WHAT THIS TASK INVOLVES: Every line from the one with "The cover of the book titled: Toten Räume" to the end of the data needs to be copied exactly, and no line before it.
###
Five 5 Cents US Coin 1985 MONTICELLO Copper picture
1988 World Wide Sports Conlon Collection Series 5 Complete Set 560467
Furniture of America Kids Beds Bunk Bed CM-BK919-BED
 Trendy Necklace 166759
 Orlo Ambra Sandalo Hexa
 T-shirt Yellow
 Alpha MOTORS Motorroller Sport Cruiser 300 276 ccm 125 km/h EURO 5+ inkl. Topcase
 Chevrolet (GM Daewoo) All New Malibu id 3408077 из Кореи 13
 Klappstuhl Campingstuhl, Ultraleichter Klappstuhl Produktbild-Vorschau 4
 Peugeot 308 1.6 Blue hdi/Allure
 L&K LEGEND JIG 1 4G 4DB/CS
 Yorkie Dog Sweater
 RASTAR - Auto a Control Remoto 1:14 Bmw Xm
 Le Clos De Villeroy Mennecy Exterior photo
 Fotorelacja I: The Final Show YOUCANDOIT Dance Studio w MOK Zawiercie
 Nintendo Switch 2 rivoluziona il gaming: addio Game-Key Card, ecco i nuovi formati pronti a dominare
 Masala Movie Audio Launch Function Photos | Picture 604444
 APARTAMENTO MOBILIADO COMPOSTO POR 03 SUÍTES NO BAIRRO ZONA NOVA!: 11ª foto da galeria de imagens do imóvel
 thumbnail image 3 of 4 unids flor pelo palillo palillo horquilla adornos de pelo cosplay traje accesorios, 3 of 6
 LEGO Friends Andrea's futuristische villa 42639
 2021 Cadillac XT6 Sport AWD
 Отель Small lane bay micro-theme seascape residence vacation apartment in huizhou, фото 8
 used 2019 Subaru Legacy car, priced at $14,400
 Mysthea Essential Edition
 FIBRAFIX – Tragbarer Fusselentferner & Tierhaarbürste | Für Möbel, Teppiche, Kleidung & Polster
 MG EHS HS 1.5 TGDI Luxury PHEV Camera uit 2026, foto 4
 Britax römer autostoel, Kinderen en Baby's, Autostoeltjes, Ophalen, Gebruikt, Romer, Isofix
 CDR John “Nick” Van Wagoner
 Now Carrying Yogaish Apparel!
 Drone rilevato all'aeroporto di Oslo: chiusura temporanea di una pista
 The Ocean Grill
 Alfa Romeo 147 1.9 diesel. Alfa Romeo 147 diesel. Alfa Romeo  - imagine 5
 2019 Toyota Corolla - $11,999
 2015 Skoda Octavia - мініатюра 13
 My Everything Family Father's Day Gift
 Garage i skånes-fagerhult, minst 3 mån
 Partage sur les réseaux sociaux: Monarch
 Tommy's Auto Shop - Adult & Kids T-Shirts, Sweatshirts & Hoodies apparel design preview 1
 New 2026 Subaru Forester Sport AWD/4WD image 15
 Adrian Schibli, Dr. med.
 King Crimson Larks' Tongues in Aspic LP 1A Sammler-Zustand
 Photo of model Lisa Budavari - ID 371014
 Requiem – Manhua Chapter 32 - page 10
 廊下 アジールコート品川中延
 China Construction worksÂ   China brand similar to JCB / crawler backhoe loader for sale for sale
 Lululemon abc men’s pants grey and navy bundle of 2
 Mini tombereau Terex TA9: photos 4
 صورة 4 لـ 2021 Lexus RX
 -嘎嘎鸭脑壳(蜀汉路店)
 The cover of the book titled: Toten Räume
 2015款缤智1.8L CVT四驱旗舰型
###
COMPLETED EXERCISE:
 The cover of the book titled: Toten Räume
 2015款缤智1.8L CVT四驱旗舰型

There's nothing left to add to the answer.